--- GIVEN INFORMATION ---
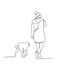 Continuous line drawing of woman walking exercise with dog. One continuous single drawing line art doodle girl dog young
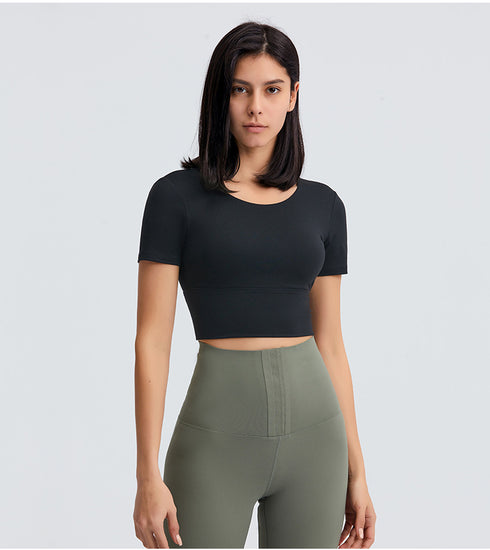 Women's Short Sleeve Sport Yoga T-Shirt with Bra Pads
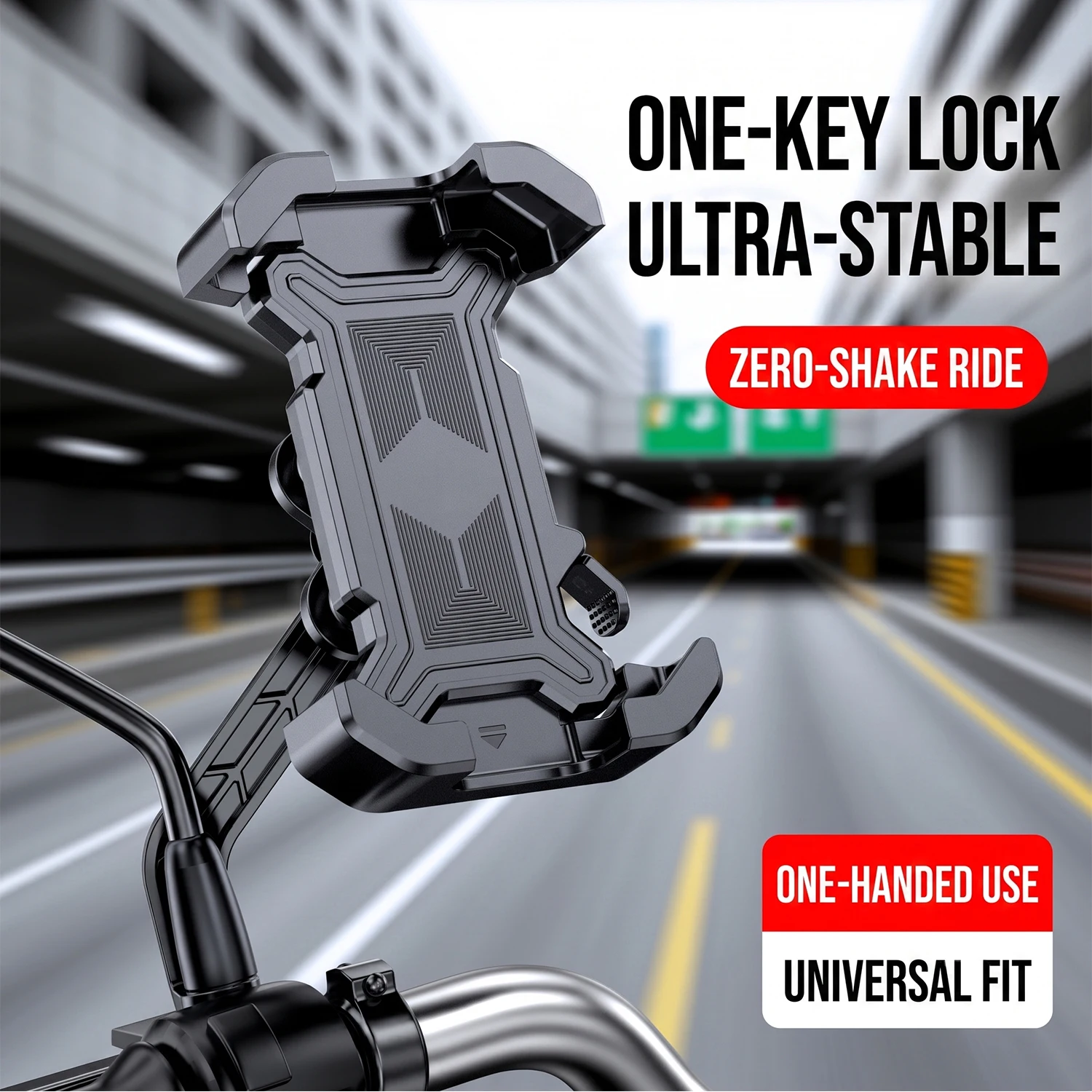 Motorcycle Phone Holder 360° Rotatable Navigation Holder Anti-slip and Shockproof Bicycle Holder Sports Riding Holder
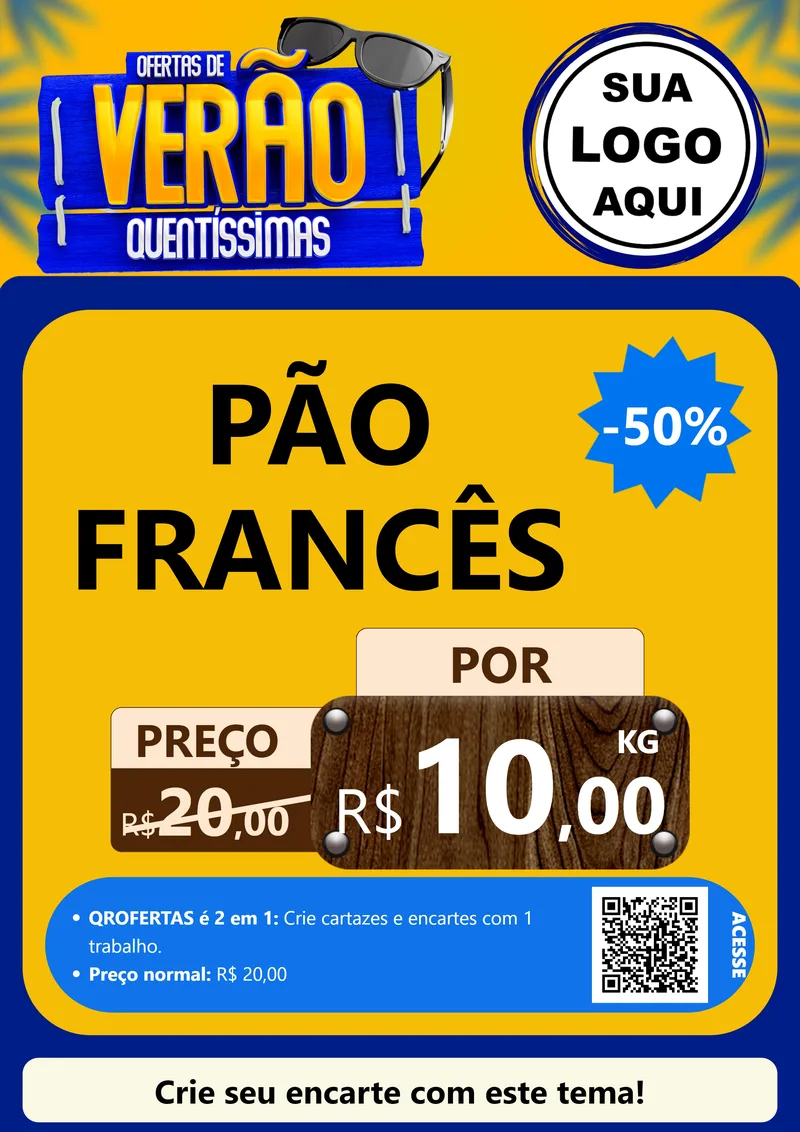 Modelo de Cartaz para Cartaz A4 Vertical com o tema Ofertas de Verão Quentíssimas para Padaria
---
WHAT THIS TASK INVOLVES: Retype the data word for word, please, and keep the images out.

EXERCISE ANSWER:
 Continuous line drawing of woman walking exercise with dog. One continuous single drawing line art doodle girl dog young
 Women's Short Sleeve Sport Yoga T-Shirt with Bra Pads
 Motorcycle Phone Holder 360° Rotatable Navigation Holder Anti-slip and Shockproof Bicycle Holder Sports Riding Holder
 Modelo de Cartaz para Cartaz A4 Vertical com o tema Ofertas de Verão Quentíssimas para Padaria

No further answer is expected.